Embodied Environments

Embodied Environments#

The EmbodiedEnv is the core environment class in EmbodiChain designed for complex Embodied AI tasks. It adopts a configuration-driven architecture, allowing users to define robots, sensors, objects, lighting, and automated behaviors (events) purely through configuration classes, minimizing the need for boilerplate code.

For Reinforcement Learning tasks, EmbodiChain provides the Action Manager (configured via actions in EmbodiedEnvCfg), which handles action preprocessing (scaling, IK, delta_qpos, etc.) in a modular, configurable way. RL tasks inherit from EmbodiedEnv directly and use the Action Manager for action processing.

Core Architecture#

EmbodiChain provides a hierarchy of environment classes for different task types:

BaseEnv: Minimal environment for simple tasks with custom simulation logic.
EmbodiedEnv: Feature-rich environment for Embodied AI tasks (IL, custom control). Integrates manager systems:
- Scene Management: Automatically loads and manages robots, sensors, and scene objects.
- Event Manager: Domain randomization, scene setup, and dynamic asset swapping.
- Observation Manager: Flexible observation space extensions.
- Dataset Manager: Built-in support for demonstration data collection.
Action Manager: Configurable action preprocessing for RL tasks (delta_qpos, eef_pose, qvel, etc.), integrated into EmbodiedEnv when actions is configured.

Configuration System#

The environment is defined by inheriting from EmbodiedEnvCfg.

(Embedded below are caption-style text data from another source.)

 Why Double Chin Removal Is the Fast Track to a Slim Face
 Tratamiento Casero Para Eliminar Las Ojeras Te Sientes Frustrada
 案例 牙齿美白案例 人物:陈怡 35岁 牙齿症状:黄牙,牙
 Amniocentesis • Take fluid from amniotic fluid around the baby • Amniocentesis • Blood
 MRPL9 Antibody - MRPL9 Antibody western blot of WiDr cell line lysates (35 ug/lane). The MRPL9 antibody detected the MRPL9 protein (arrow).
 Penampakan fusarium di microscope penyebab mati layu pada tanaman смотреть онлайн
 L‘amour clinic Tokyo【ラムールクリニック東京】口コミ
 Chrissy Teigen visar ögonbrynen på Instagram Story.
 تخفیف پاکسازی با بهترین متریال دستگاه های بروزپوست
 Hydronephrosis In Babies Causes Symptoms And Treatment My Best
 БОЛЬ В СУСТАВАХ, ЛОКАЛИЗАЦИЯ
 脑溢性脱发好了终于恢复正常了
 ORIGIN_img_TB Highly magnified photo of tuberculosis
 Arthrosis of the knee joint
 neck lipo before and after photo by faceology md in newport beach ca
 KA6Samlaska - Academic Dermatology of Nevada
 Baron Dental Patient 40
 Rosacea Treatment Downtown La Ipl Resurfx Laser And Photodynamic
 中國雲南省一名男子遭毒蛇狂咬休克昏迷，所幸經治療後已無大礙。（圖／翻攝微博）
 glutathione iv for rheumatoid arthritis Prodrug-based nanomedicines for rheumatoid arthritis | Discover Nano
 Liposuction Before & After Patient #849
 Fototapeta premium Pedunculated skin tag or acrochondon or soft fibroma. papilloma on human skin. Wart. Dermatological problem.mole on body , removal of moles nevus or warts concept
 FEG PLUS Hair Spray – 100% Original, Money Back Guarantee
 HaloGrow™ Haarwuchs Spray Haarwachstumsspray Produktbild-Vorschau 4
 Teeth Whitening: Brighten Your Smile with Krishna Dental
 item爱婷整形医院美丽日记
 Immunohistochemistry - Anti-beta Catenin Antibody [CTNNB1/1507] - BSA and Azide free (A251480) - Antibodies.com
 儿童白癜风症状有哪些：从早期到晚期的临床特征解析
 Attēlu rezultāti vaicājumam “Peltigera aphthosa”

This configuration class serves as the single source of truth for the scene description.

EmbodiedEnvCfg inherits from EnvCfg (the base environment configuration class, sometimes referred to as BaseEnvCfg), which provides fundamental environment parameters. The following sections describe both the base class parameters and the additional parameters specific to EmbodiedEnvCfg.

BaseEnvCfg Parameters#

Since EmbodiedEnvCfg inherits from EnvCfg, it includes the following base parameters:

num_envs (int): The number of sub environments (arenas) to be simulated in parallel. Defaults to 1.
sim_cfg (SimulationManagerCfg): Simulation configuration for the environment, including physics settings, device selection, and rendering options. Defaults to a basic configuration with headless mode enabled.
seed (int | None): The seed for the random number generator. Defaults to None, in which case the seed is not set. The seed is set at the beginning of the environment initialization to ensure deterministic behavior across different runs.
sim_steps_per_control (int): Number of simulation steps per control (environment) step. This parameter determines the relationship between the simulation timestep and the control timestep. For instance, if the simulation dt is 0.01s and the control dt is 0.1s, then sim_steps_per_control should be 10. This means that the control action is updated every 10 simulation steps. Defaults to 4.
ignore_terminations (bool): Whether to ignore terminations when deciding when to auto reset. Terminations can be caused by the task reaching a success or fail state as defined in a task’s evaluation function. If set to False, episodes will stop early when termination conditions are met. If set to True, episodes will only stop due to the timelimit, which is useful for modeling tasks as infinite horizon. Defaults to False.
max_episode_steps (int): Maximum number of steps per episode. If set to -1, episodes will not have a step limit and will only end due to success/failure conditions. Defaults to 300.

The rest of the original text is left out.